SUPPLIED RECORDS:
+--

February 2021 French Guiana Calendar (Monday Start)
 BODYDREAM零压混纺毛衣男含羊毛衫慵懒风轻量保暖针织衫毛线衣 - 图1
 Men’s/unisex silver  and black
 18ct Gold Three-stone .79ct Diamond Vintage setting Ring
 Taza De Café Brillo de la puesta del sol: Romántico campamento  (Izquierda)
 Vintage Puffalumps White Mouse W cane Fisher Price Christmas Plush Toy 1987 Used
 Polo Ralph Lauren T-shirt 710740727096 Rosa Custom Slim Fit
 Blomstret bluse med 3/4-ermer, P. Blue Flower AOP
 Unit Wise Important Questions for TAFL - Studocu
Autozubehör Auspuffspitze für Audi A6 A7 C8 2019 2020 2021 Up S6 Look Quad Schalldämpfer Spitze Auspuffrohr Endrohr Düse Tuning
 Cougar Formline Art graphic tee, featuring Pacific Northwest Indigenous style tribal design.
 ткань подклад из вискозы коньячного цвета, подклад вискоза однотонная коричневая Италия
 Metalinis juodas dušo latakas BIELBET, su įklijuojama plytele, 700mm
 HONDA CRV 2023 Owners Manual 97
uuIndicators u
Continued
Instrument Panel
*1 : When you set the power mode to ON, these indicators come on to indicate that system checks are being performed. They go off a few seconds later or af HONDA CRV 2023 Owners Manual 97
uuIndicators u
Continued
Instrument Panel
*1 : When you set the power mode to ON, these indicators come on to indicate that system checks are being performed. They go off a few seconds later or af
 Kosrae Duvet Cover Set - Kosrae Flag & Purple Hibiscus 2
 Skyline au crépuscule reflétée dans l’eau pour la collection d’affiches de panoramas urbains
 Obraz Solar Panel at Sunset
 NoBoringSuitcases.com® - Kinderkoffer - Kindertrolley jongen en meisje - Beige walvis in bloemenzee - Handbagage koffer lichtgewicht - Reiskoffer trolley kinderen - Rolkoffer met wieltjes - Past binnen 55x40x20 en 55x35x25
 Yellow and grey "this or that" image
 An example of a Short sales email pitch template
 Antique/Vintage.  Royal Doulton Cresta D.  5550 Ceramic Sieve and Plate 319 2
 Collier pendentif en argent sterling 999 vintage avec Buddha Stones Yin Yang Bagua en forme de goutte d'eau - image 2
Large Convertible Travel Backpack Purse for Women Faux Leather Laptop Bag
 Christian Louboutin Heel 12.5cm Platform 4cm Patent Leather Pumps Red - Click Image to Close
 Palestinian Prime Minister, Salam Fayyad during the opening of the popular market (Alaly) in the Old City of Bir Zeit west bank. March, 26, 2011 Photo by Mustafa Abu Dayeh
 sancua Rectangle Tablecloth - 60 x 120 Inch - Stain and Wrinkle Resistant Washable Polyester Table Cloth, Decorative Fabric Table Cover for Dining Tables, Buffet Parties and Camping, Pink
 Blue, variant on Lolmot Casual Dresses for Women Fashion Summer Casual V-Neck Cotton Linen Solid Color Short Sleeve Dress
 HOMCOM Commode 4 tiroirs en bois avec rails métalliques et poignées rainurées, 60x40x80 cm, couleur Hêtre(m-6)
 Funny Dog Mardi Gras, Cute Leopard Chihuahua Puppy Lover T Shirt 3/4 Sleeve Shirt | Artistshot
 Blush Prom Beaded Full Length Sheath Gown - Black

+--

Retype the entries exactly, please. Leave no line out.

TASK SOLUTION:
February 2021 French Guiana Calendar (Monday Start)
 BODYDREAM零压混纺毛衣男含羊毛衫慵懒风轻量保暖针织衫毛线衣 - 图1
 Men’s/unisex silver  and black
 18ct Gold Three-stone .79ct Diamond Vintage setting Ring
 Taza De Café Brillo de la puesta del sol: Romántico campamento  (Izquierda)
 Vintage Puffalumps White Mouse W cane Fisher Price Christmas Plush Toy 1987 Used
 Polo Ralph Lauren T-shirt 710740727096 Rosa Custom Slim Fit
 Blomstret bluse med 3/4-ermer, P. Blue Flower AOP
 Unit Wise Important Questions for TAFL - Studocu
Autozubehör Auspuffspitze für Audi A6 A7 C8 2019 2020 2021 Up S6 Look Quad Schalldämpfer Spitze Auspuffrohr Endrohr Düse Tuning
 Cougar Formline Art graphic tee, featuring Pacific Northwest Indigenous style tribal design.
 ткань подклад из вискозы коньячного цвета, подклад вискоза однотонная коричневая Италия
 Metalinis juodas dušo latakas BIELBET, su įklijuojama plytele, 700mm
 HONDA CRV 2023 Owners Manual 97
uuIndicators u
Continued
Instrument Panel
*1 : When you set the power mode to ON, these indicators come on to indicate that system checks are being performed. They go off a few seconds later or af HONDA CRV 2023 Owners Manual 97
uuIndicators u
Continued
Instrument Panel
*1 : When you set the power mode to ON, these indicators come on to indicate that system checks are being performed. They go off a few seconds later or af
 Kosrae Duvet Cover Set - Kosrae Flag & Purple Hibiscus 2
 Skyline au crépuscule reflétée dans l’eau pour la collection d’affiches de panoramas urbains
 Obraz Solar Panel at Sunset
 NoBoringSuitcases.com® - Kinderkoffer - Kindertrolley jongen en meisje - Beige walvis in bloemenzee - Handbagage koffer lichtgewicht - Reiskoffer trolley kinderen - Rolkoffer met wieltjes - Past binnen 55x40x20 en 55x35x25
 Yellow and grey "this or that" image
 An example of a Short sales email pitch template
 Antique/Vintage.  Royal Doulton Cresta D.  5550 Ceramic Sieve and Plate 319 2
 Collier pendentif en argent sterling 999 vintage avec Buddha Stones Yin Yang Bagua en forme de goutte d'eau - image 2
Large Convertible Travel Backpack Purse for Women Faux Leather Laptop Bag
 Christian Louboutin Heel 12.5cm Platform 4cm Patent Leather Pumps Red - Click Image to Close
 Palestinian Prime Minister, Salam Fayyad during the opening of the popular market (Alaly) in the Old City of Bir Zeit west bank. March, 26, 2011 Photo by Mustafa Abu Dayeh
 sancua Rectangle Tablecloth - 60 x 120 Inch - Stain and Wrinkle Resistant Washable Polyester Table Cloth, Decorative Fabric Table Cover for Dining Tables, Buffet Parties and Camping, Pink
 Blue, variant on Lolmot Casual Dresses for Women Fashion Summer Casual V-Neck Cotton Linen Solid Color Short Sleeve Dress
 HOMCOM Commode 4 tiroirs en bois avec rails métalliques et poignées rainurées, 60x40x80 cm, couleur Hêtre(m-6)
 Funny Dog Mardi Gras, Cute Leopard Chihuahua Puppy Lover T Shirt 3/4 Sleeve Shirt | Artistshot
 Blush Prom Beaded Full Length Sheath Gown - Black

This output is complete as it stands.